Some would be quick to argue that God is in control. That all authority on heaven and earth has been given to Jesus. And that nothing happens without Him knowing about it. How can it be that God’s will is not being done?
Let’s consider what the Bible actually teaches…
1. GOD HAS AUTHORITY OVER EVERYTHING IN THIS WORLD
Just before Jesus ascended into heaven, He said to His disciples: “all authority in heaven and on earth has been given to me” (Matthew 28:18).
2. GOD DOES NOT CONTROL EVERYTHING IN THIS WORLD
The Bible teaches that Satan is “the god of this world” (2 Corinthians 4:4), he is the “ruler of the kingdom of the air” (Ephesians 2:2), and he’s the “ruler of this world” (John 12:31).
So how can God have all authority over everything, but not control everything?
Suppose there’s a former History Teacher who has become Principal of a large secondary school. If she was to walk into a Senior Mathematics class, who would be in control? Is it the Maths Teacher, or the Principal? Obviously it’s the Maths Teacher. The Principal has no hope whatsoever of teaching Senior Mathematics. But just because she’s not controlling the class, doesn’t mean she doesn’t have authority over the class. The Principal can walk into the Maths Class any time she wants and exert her authority over and above the classroom teacher.

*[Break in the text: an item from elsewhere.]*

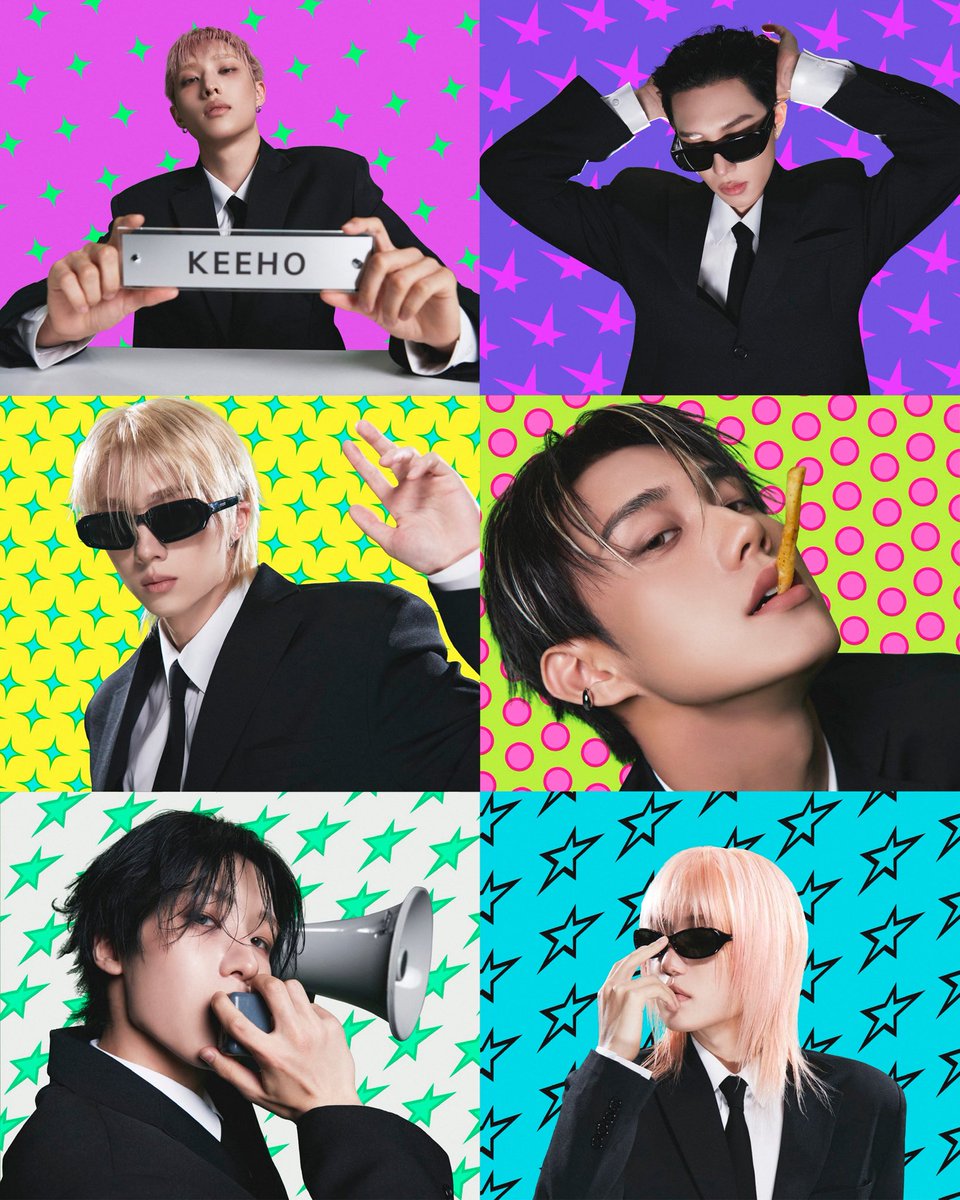 kyo9yu's tweet photo. SO COLORFUL AND FUN IM OBSSESED https://t.co/DL9yi1yZpX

Just because someone has authority, doesn’t mean they always exert that authority. Just because someone has authority over a situation, doesn’t mean that they are controlling that situation.
But at the same time, Satan is the god of this world…
So what does all this have to do with prayer?
ASKING GOD TO EXERT HIS AUTHORITY
Our job is to ask God to break into history and exert his authority over hearts, minds, men, women, nature, circumstances, sickness, suffering, death, sin, and demons…
We pray because God has called us to pray. We pray because our prayers can actually make a difference. We pray because we want God’s Kingdom to come, and His will to be done on earth as it is in heaven.